|Five countries abstained from voting in favour of the UNSC resolution calling for a no-fly zone in Libya [AFP]
Now that the United Nations Security Council resolution for a no-fly zone has been passed, how will it be implemented?
The UNSC Resolution 1973 has made it legal for the international community to protect the Libyan people from Muammar Gaddafi's lethal and excessive force - by, among other things, imposing a no-fly zone and carrying out military strikes and other military action short of occupation.
However, the overzealousness of certain Western powers like Britain, France and, as of late, the US, to interpret the resolution as an open-ended use of force, is worrisome. With their long history of interference and hegemony in the region, their political and strategic motivation remains dubious at best. Likewise, their rush to use air force individually or collectively could prove morally reprehensible - even if legally justified - if they further complicate the situation on the ground.
This sounds like 'damned if they do, damned if they don't'?
Well, the onus is on these Western powers to prove that their next move and actions are based on a strictly humanitarian basis and are not meant as a down payment for longer-term interference in Libyan and regional affairs.

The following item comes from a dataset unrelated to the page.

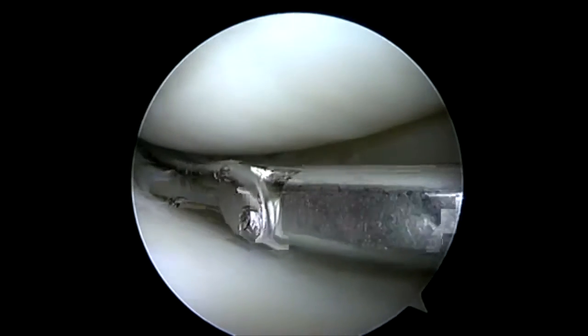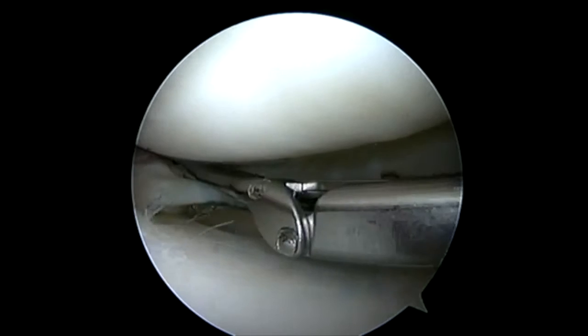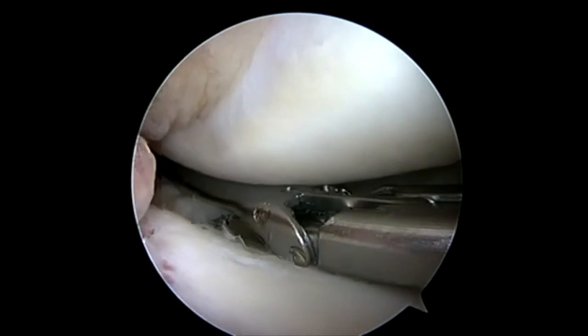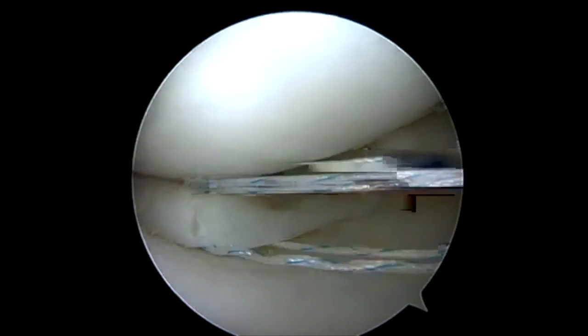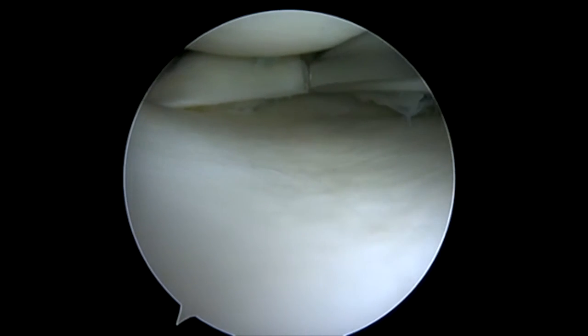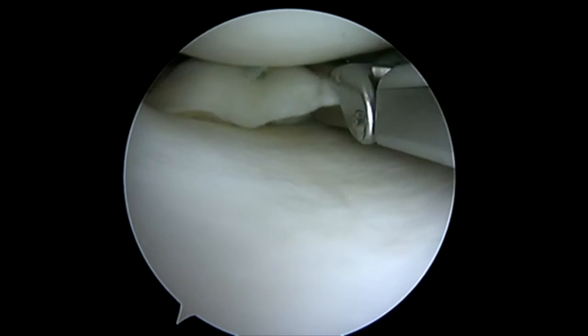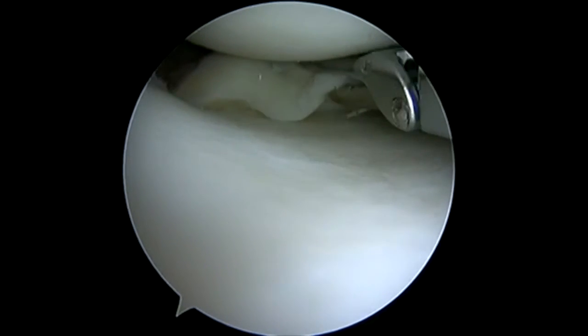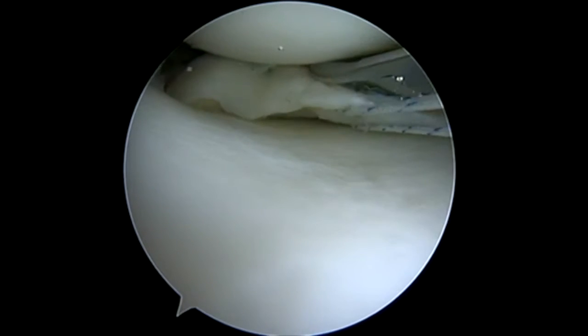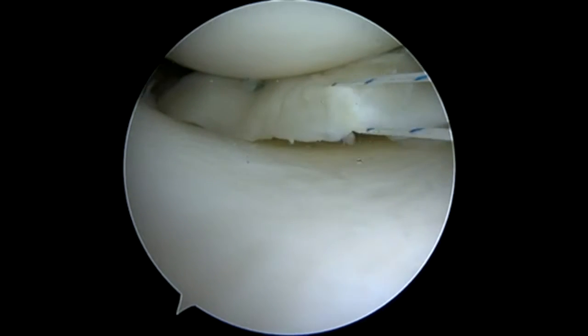We'll pass our far capsular stitch first. Coming back in carefully, we're going to reach underneath our medial meniscus and pass our near stitch. Sometimes if the meniscus tear is really unstable, I will pass that medial stitch first and then pass my capsular junction stitch. We're pushing in as far as we can — you can see we're buckling the meniscus a little — but we're trying to make sure that we get back into that posterior meniscal capsular junction and then pass our more medial pass. You can see how that meniscus flips at us; if I were in the central one third trying a first pass, it would just be inverting the whole time.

They need to demonstrate how their 'change of heart' from supporting the Gaddafi dictatorship over several years to condemning him as a war criminal and acting to topple him, is not motivated by more of the same narrow national and Western strategic interest.
Unfortunately, the Libyan dictator's statements and actions (and his recent cynical and contradictory threats and appeals) have played into Western hands, making it impossible for Libyans, like Tunisians and Egyptians before them, to take matters into their own hands.
Those who abstained at the UN Security Council, including Germany, India and Brazil, wanted to co-operate in charting a brighter future for Libya, but are also suspicious of the overzealous French and British eagerness to jump into a Libyan quagmire with firepower.
What then should Libyans, Arabs and other interested global powers do to help Libya avoid a terrible escalation to violence or a major humanitarian disaster?
Now that the international community has given the Libyan revolutionaries a protective umbrella that includes a full range of military and humanitarian actions, it is incumbent upon the Libyan opposition to mobilise for mass action in every city and town both in the east and west and challenge the regime's militias.
As the Libyan regime loses its civilian, tribal and international legitimacy, so will his security base be shaken over the next few days and weeks.
In fact, if the Libyan revolutionaries avoid complacency and exploit their newly gained legitimacy and protection in order to work more closely with their Arab neighbours and to demonstrate their political and popular weight in the country, the regime could very well implode from within.
The most effective and constructive way to use the newly mandated use of force by the UN Security Council is to use as little of it, as accurately, as selectively as possible, and ideally not use it at all. It is still possible for the threat of the use of international force, coupled with domestic popular pressure, to bring down the weakened regime.
An escalation to an all out war is in no one's interest, especially Libya's.